A supporter of Pulpit & Pen recently wrote in to us, “A few years ago when Russell Moore’s ERLC and his praetorian guards at SBCuck Voices (Miller, Barber, et al) were pretending that it was ‘godly’ to advocate for the building of a mosque in New Jersey in a community that didn’t want one, I remember thinking that after the Muslims set up shop here in the U.S., the next step will be for them to start blessing our once Christian communities to multiple calls to “prayer” on a daily basis, and we will not have a say in the matter.”
He continued…
“That Muslim caterwauling—which sounds like rabid cats being tortured—is nothing less than the worship of the father of lies. The devil has been taking over this country and Christianity from the inside for a very long time now, but we’ve come to the point where he’s openly boasting about it and laughing in our face. The only way the SBC can top itself now is to champion the building of a temple for a Baphomet cult in Anywhere, U.S.A. If Russell Moore were only capable of manual labor, he could even help them build the darn thing.”
The writer is astute.
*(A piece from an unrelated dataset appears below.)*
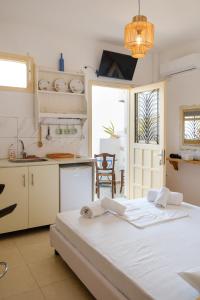a white kitchen with a large bed in a room at ASTYSTUDIO in Astypalaia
After Russell Moore and his army of research fellows at the Ethics and Religious Liberty Commission (ERLC) lobbied to get a Mosque built in the name of “religious liberty” (it had nothing to do with religious liberty), the Mosque was able to sue the New Jersey township and get the taxpayers to fund its construction.
Russell Moore still hasn’t been held accountable for using Southern Baptist resources to help a Mosque get built using taxpayer funds to do so, even though at least one IMB trustee resigned and some Southern Baptists pulled their funding.
Now, the New Jersey township of Patterson will let the Muslim “call to prayer” be prayed over loudspeakers to the entire community.
The “caterwauling,” as the Pulpit & Pen supporter above called it, will be blasted between 6 AM and 10 PM in the city.
The first time I heard the Islamic Call to Prayer was when I woke up one morning in Baghdad to the screeching over the city loud-speakers. It was the most intuitively demonic-feeling, unsettling experience of my life. Demons were being worshipped over the speakers and served as a wake-up call to Iraqis to wake up and worship the devil.
Now it’s happening in New Jersey. Thanks, Russell Moore.